If you can use non-HSA money to cover immediate health care needs, you can leave the money in the HSA as long as you want to. 

“There’s no statute of limitations on reimbursements for your medical expenses,” said Ntina Skoteiniadis, a wealth manager with Sheets Smith Wealth Management in Winston-Salem, North Carolina. The firm is ranked No. 35 on CNBC’s Financial Advisor 100 list this year.

And as long as you hold on to receipts from your medical expenses, you can reimburse yourself in future years.

“You can [withdraw] the money tax-free and penalty-free, even if the expenses were from a long time ago,” Skoteiniadis said.

In retirement, that can be especially useful when it comes to tax planning, Geoghegan said. 

“This gives retirees more control over their taxable income in high-income years or when coordinating with Roth conversions,” he said.

Throwing Medicare into the mix

One of the most important aspects to know about HSAs as you approach age 65 involves Medicare.

That’s the age when you become eligible for coverage. However, you cannot contribute to an HSA when you’re on Medicare, even if only Part A (hospital coverage). And, because your Medicare coverage may be retroactive by six months depending on when in particular you enroll — even if you delay enrolling because you have qualifying health insurance elsewhere — it’s important to make sure you don’t contribute during that stretch.

“Stop contributing to your HSA account six months before your Medicare start date,” Skoteiniadis said.

While you can’t make HSA contributions while on Medicare, you are permitted to use those funds to cover your premiums for Medicare Part B (outpatient care), Part D (prescription drug coverage) as well as Advantage Plan premiums.
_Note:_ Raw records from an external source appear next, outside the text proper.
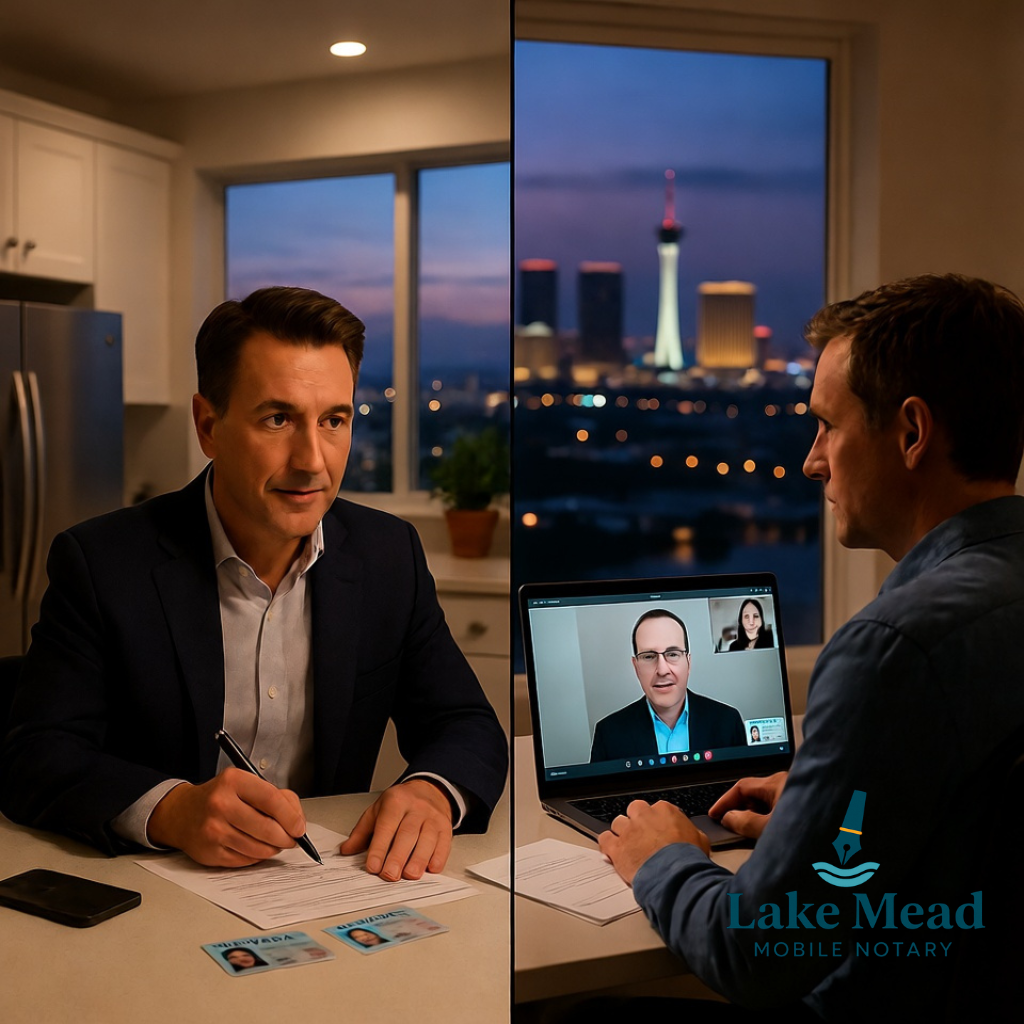 Evening notarization scene split into two halves in Las Vegas one side shows a mobile notary at a kitchen table with papers and Nevada IDs, the other side shows a signer on a laptop in a video call with a Nevada notary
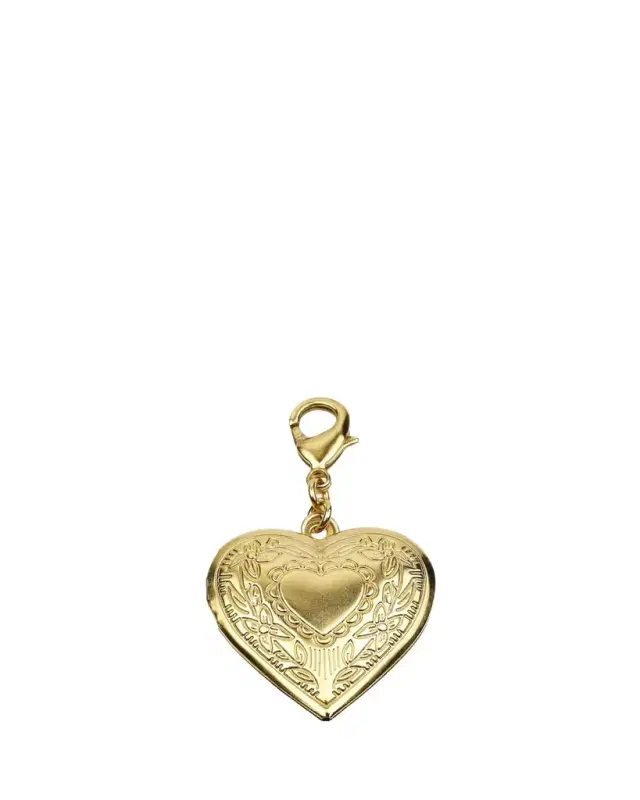 Ben-Amun Heart Locket Charm w/ Floral Detail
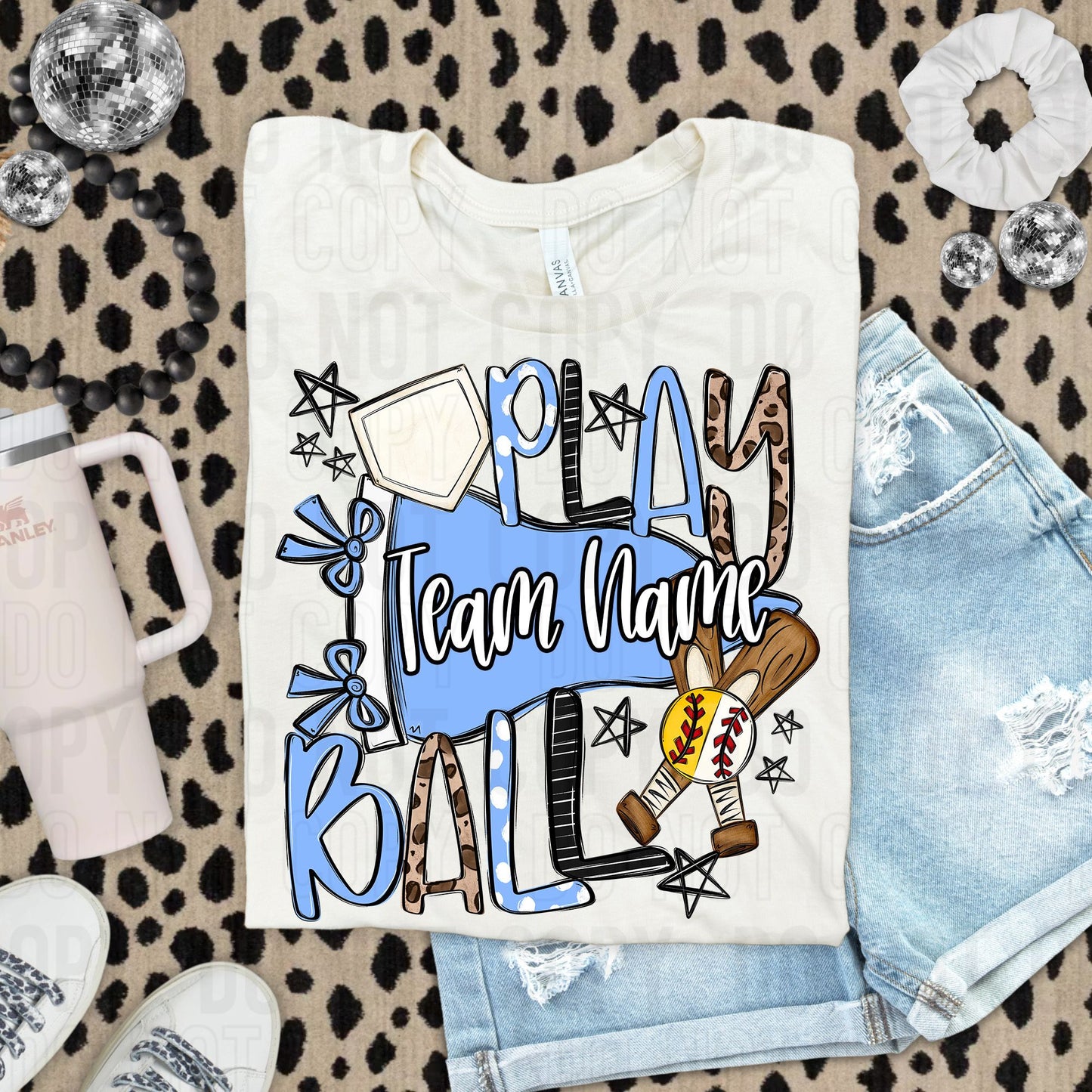 Play Ball Baseball Softball Or Both Custom Team Name DTF Transfer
However, you cannot use it for Medigap premiums, Skoteiniadis said.

And, of course, those HSA funds can continue being withdrawn, tax free, as long as they’re used to cover qualifying medical expenses, whether current or in the past.

Say goodbye to the 20% tax penalty

At age 65, you’re allowed to use the HSA money for non-medical expenses — but those withdrawals would lose their tax-free treatment.

“You can use it for other retirement costs, but you have to pay taxes on the withdrawal if it’s not for health care expenses,” said CFP Carolyn McClanahan, founder of Life Planning Partners in Jacksonville, Florida.

The difference is that you won’t be charged a 20% tax penalty, which applies to withdrawals before age 65 that go toward expenses that are not health-care-related.

If you do spend the money for expenses outside of health care, it will be taxed at ordinary income tax rates.

Estate planning considerations

If the beneficiary of your HSA is your spouse, the account gets passed on at your death and is not a taxable event.

However, that’s the not the case if you leave the account to a non-spouse.

“When your spouse is your beneficiary, the HSA simply becomes theirs and they can continue using it for qualified medical expenses,” Skoteiniadis said. “But if someone else inherits it, it stops being an HSA and it’s just taxable income.”

In that case, the beneficiary must withdraw all money in the HSA in the year of your death, and it will be subject to income tax, she said. The exception to this is if you use any of the money to pay for medical expenses of the deceased within one year, that amount will not be taxed.